Nachdem das Bundesarbeitsgericht bereits im Jahr 2019 entschieden hatte, dass arbeitsvertragliche Verfallfristen auf den gesetzlichen Urlaubsanspruch keine Anwendung finden, hat es mit der heute verkündeten Entscheidung klargestellt, dass auch die dreijährige Verjährungsfrist erst am Ende des Kalenderjahres beginnt, in dem der Arbeitgeber den Arbeitnehmer über seinen konkreten Urlaubsanspruch und die Verfallfristen belehrt und der Arbeitnehmer den Urlaub dennoch aus freien Stücken nicht genommen hat.
Sachverhalt
Arbeitgeber und Arbeitnehmerin stritten in dem der Entscheidung zugrundeliegenden Sachverhalt über die Abgeltung von Urlaub.
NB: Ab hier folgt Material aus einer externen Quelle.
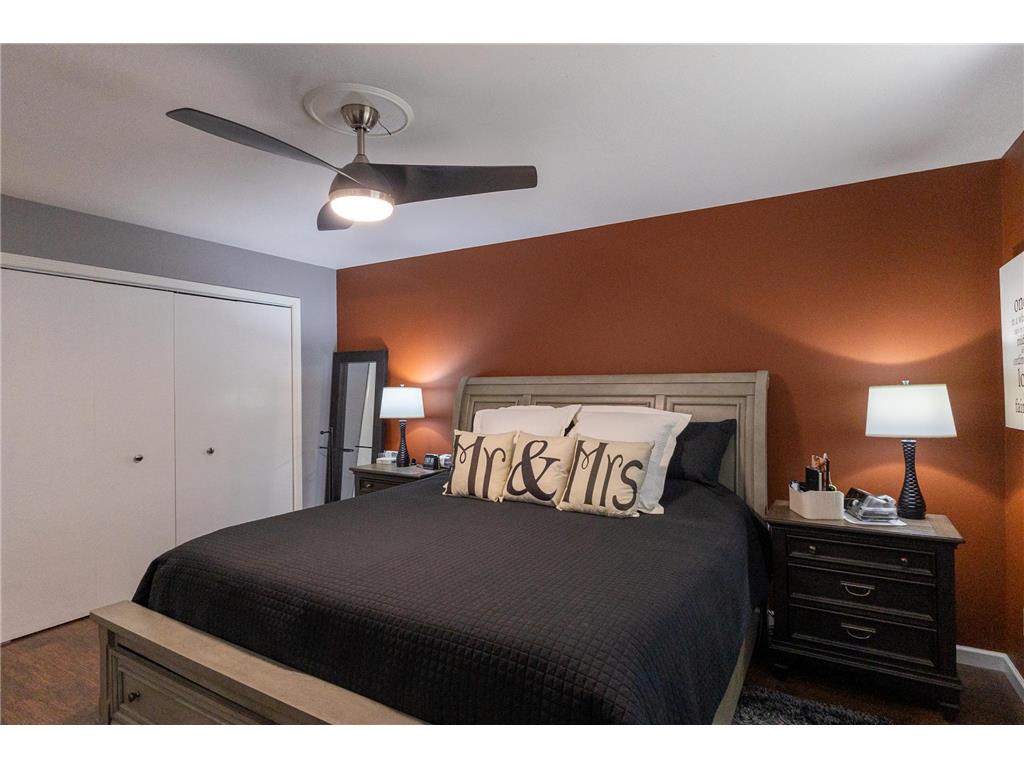 2416 Pearl Drive NE Northern Twp MN 56601 7054294 image19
Die Arbeitnehmerin hatte während ihrer 20-jährigen Beschäftigungszeit über 100 offene Urlaubstage angesammelt, deren Abgeltung sie sodann gerichtlich geltend machte. Der Arbeitgeber hatte die Arbeitnehmerin zu keinem Zeitpunkt aufgefordert, ihren Urlaub zu nehmen und ebenso wenig darauf hingewiesen, dass nicht beantragter Urlaub verfallen werde. Im Gerichtsverfahren berief er sich darauf, dass der Urlaub nach § 7 Abs. 3 Bundesurlaubsgesetz (BUrlG) verfallen, zumindest aber verjährt sei.
Entscheidung des BAG
Das Bundesarbeitsgericht hat die Einwände des Arbeitgebers zurückgewiesen und der Arbeitnehmerin die geltend gemachte Urlaubsabgeltung zugesprochen.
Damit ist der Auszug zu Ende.